LISTED ENTRIES: Begin
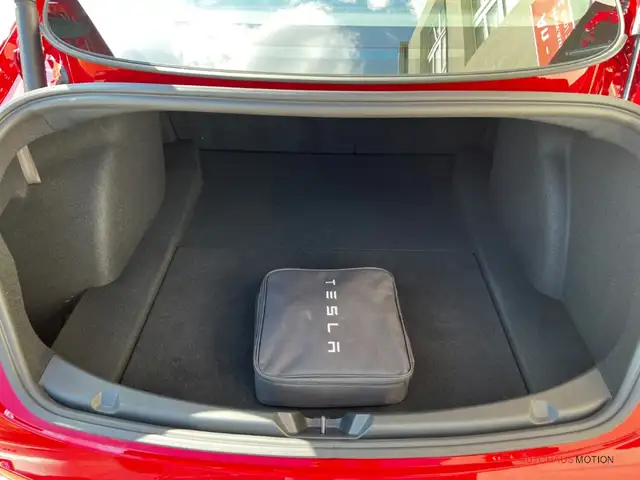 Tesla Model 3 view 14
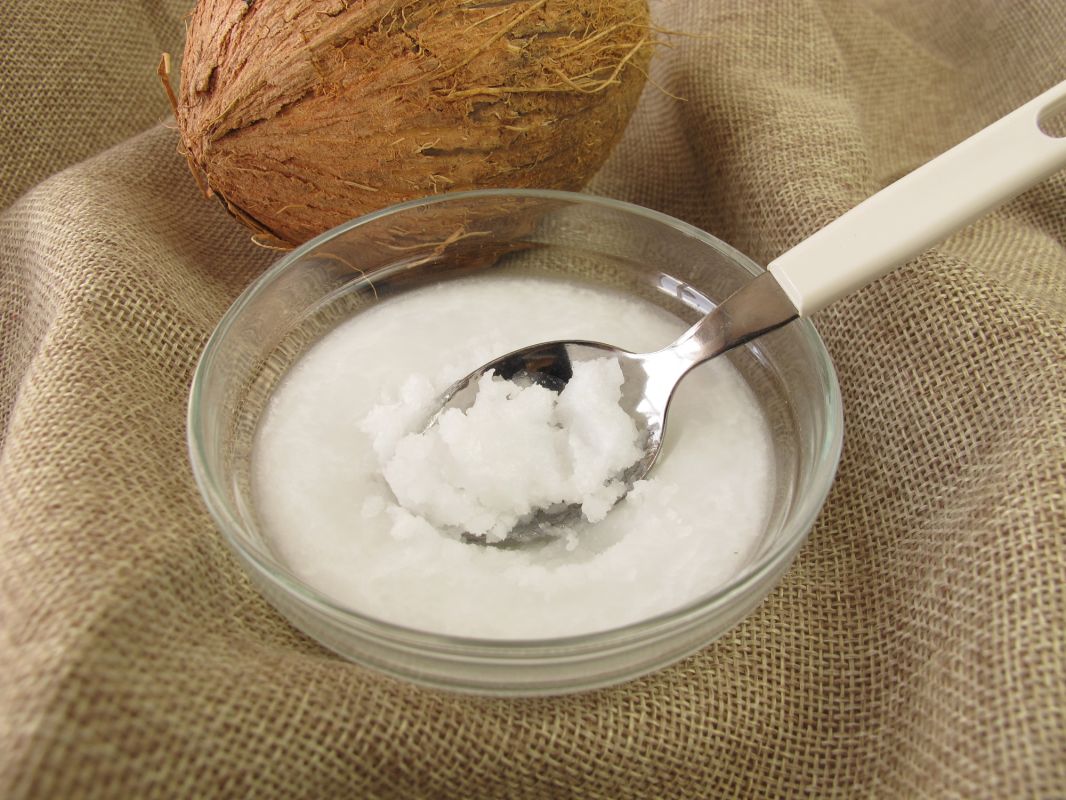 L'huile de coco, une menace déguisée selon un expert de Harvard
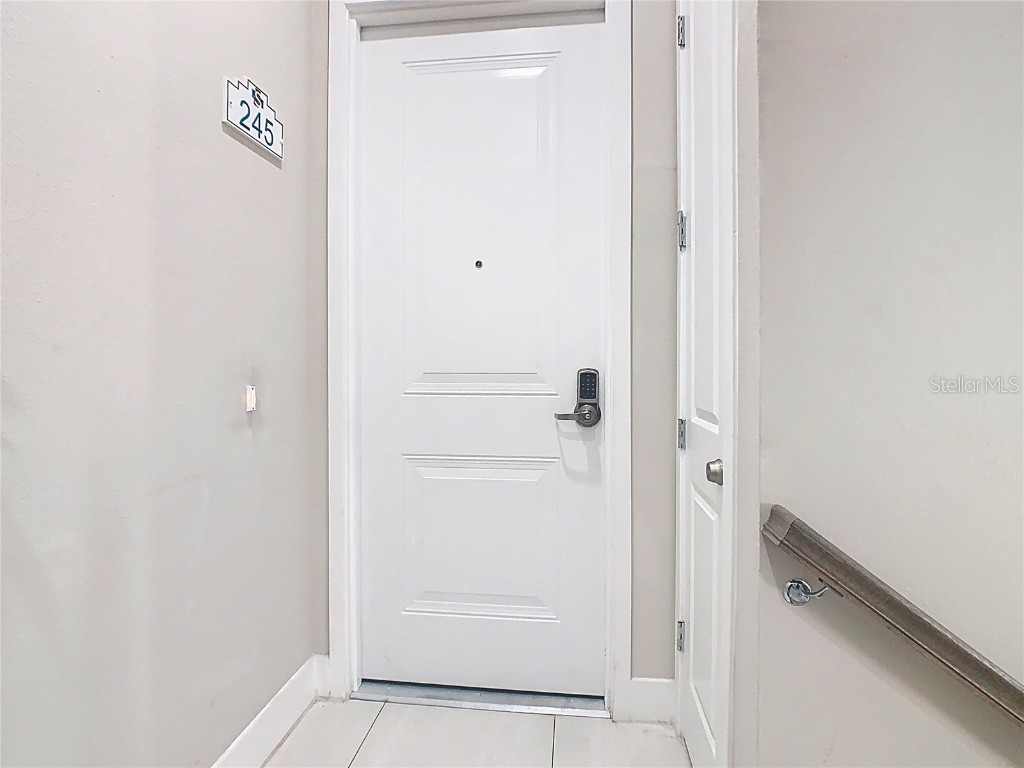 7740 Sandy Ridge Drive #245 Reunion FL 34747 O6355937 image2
LISTED ENTRIES: End
LISTED ENTRIES: Begin
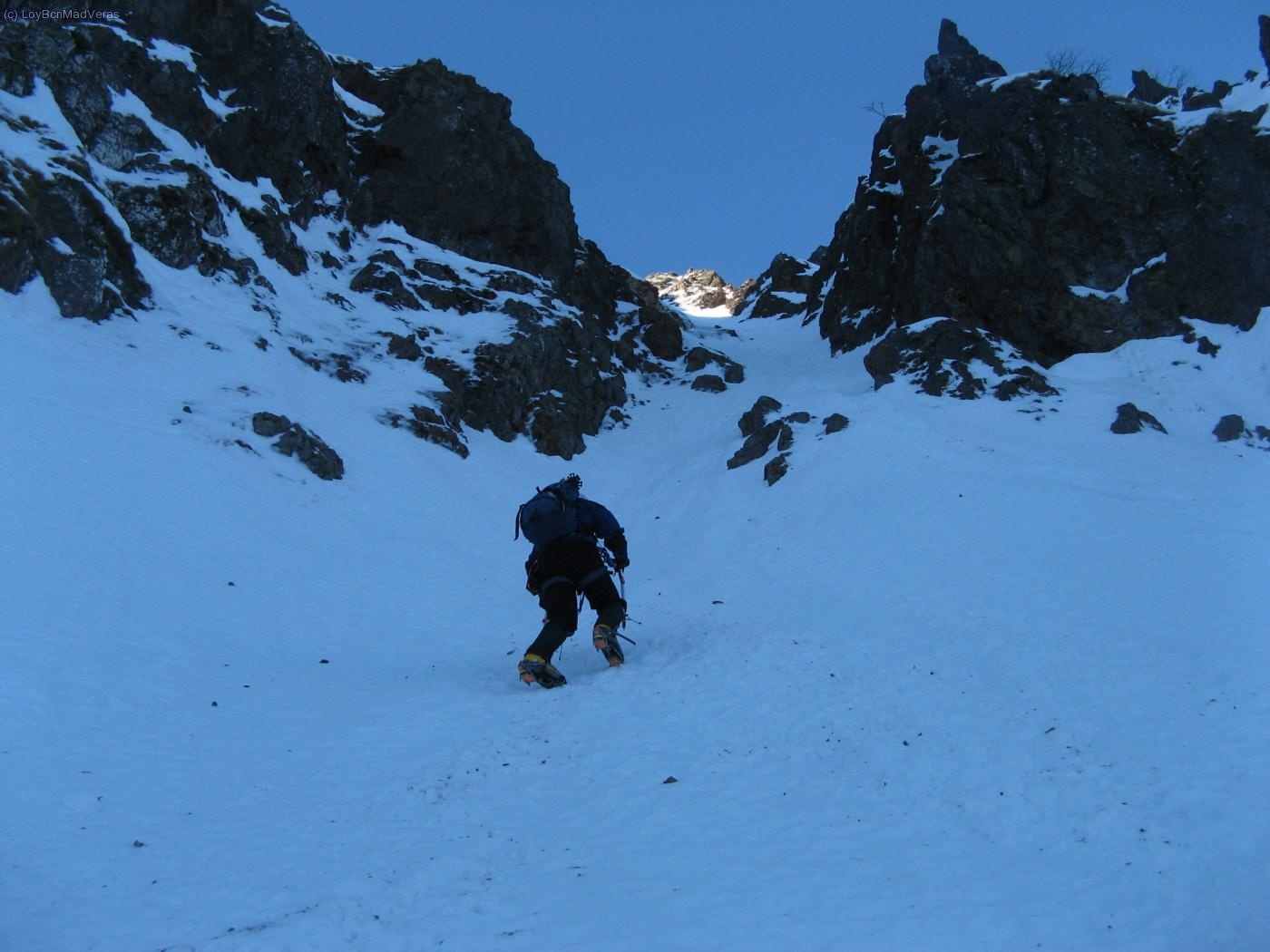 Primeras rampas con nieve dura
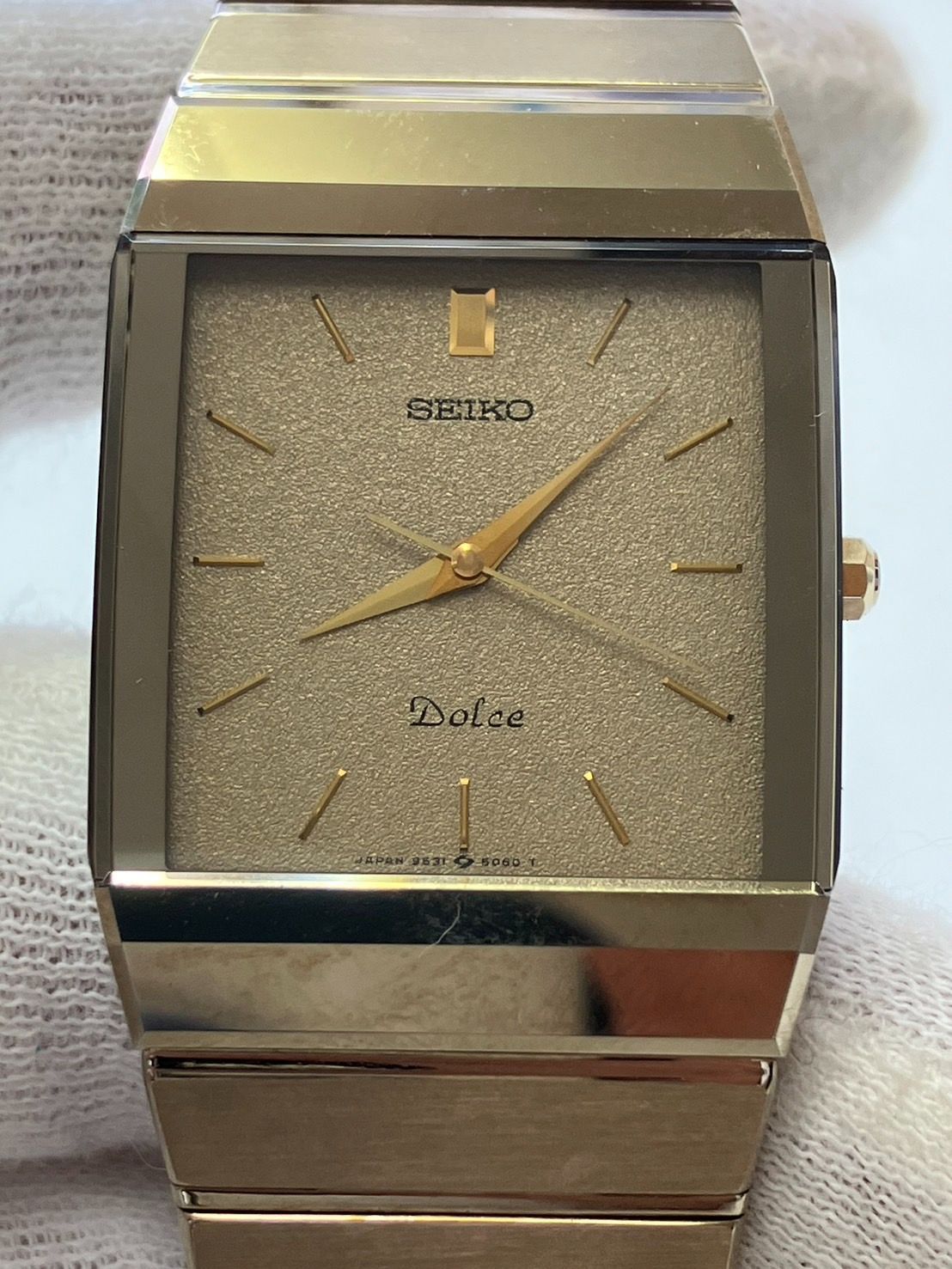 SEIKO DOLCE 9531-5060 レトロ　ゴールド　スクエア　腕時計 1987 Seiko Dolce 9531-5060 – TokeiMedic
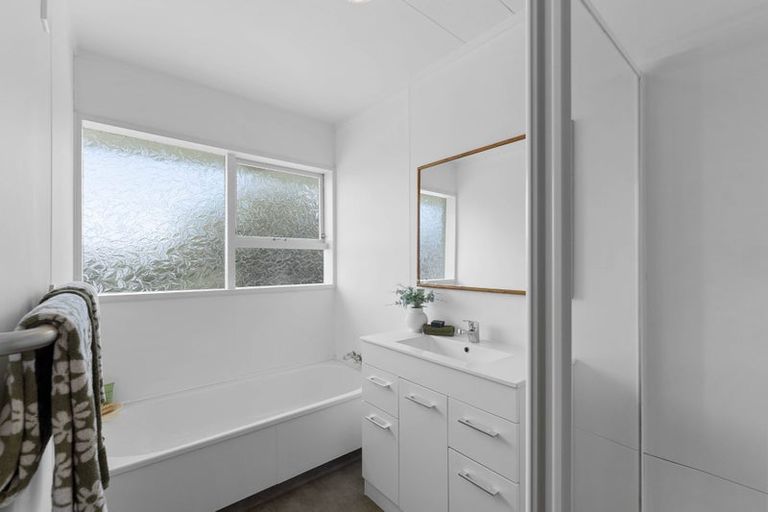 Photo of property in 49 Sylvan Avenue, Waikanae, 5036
LISTED ENTRIES: End
REQUIRED WORK
From the records above, return exactly the lines running from the one that contains "Tesla Model 3 view 14" down to the one that contains "7740 Sandy Ridge", both included, without any pictures.

YOUR RESPONSE
 Tesla Model 3 view 14
 L'huile de coco, une menace déguisée selon un expert de Harvard
 7740 Sandy Ridge Drive #245 Reunion FL 34747 O6355937 image2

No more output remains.